Advertisement

please help me, urgent situation

Discussions about HPLC, CE, TLC, SFC, and other "liquid phase" separation techniques.

7 posts Page 1 of 1
How to firgure out the content of a substance from its peak?

I have know the peak of lutein in the graph and know the Ret time, area, height, area %, height % of that peak.

How to calculate the content of lutein in the sample from the area % and height % ?

I have to hand in this result tommorow. Help me as quick as you can.

Thanks

Please note: I'm a GC guy and I have no experience with LC but as your request seems to be very urgent I think it's okay to just share my thoughts.

Whenever I have to do quantification I take a calibration curve of my analyte to determine the linearity the detector has for my compound. That way I found e.g. that my TCD gives a too high response for very small amounts of water in solvents.

Generally speaking, quantification is a difficult task:

If your detector gives you an (about) equal response for every compound of your sample (including the solvent) and the detector was not saturated (i.e. the main peak(s) are cut off) then just go for the 100 percent method:

The percentage your peak of interest has from the total area of your chromatogram (i.e. the added area of all of your peaks, baseline-corrected) is the percentage of your analyte in the sample.

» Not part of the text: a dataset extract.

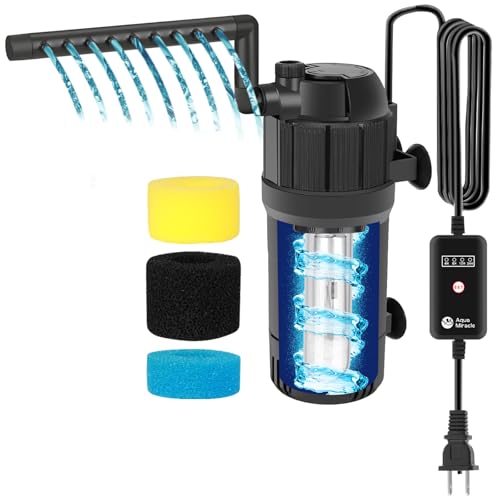 AquaMiracle Aquarium Filter for Green Water, U - V Fish Tank Filter with Timer (4-8-12-24 Hrs), Dual Mode (Aeration-Rainfall) Fish Filter for 10-40 Ga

If your detector was saturated for the other components, height is the way to go assuming your peak of interest is not cut off. That is an older technique coming from the days when integrators were rare (and unreliable) devices so the determination of the area was difficult (cutting out the 'peaks' from the paper trail and weighting them on the analytical balance was one of the more arcane area determination techniques) while measuring the height of a peak just takes a ruler.

The most simple approach (which I found to be quite robust) is the addition method: After you've analyzed your sample you spike it with an additional amount of the compound of interest. Assuming your detector response is linear, your detector doesn't get to full scale etc. you can (somewhat) safely determine the content of your component.

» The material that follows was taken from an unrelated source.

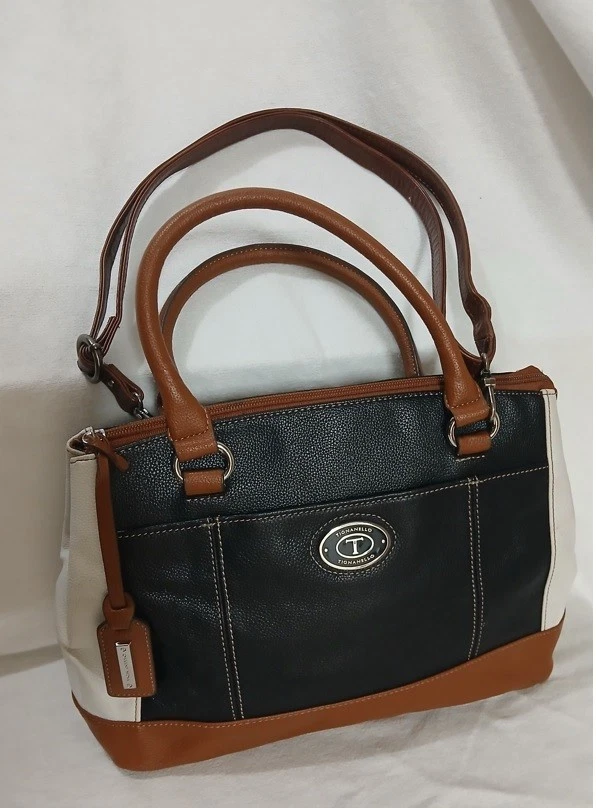 Tignanello Tri-Color Genuine Leather Satchel Shoulder Bag Purse Multi Pockets - Image 4 of 4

No matter which way you prefer a calibration curve is the way to go for a sensible quantification IMHO.

If you don't have time (or access to the instrument) check your previous runs if you've chromatograms of samples which contained a known amount of lutein.
You will need something to compare your values against. Unless you have determined the response of a standard of known concentration (I guess that's what a standard is), you have no way of calculating the concentration of your sample.

As HPLC is a relativ method you have to use a standard of known content.

make an injection of a lutein solution of known concentration and measure it just the same way as you did with your sample.
Adjust the concentration of the standard solution so you will somewhat similar
peaks heights

Calculate the concentration of your sample according to the equation:

Area/Concentration=constant (if the injection volumes of smpl and std are identical)

Thank for your help..
Please give me more detail help.
I already have had the pure lutein, pure beta-caroten and pure lycopen that I dillute and run HPLC. (so I have had a chromograph of a known concentration sample)
So please give me some formula, so I can calculate the concentration of lutein in the sample through the area% and height% of the peak of lutein in the chromograph of the sample and the chromograph of the pure dilluted lutein.
Thanks

although this is basic knowledge I will help you.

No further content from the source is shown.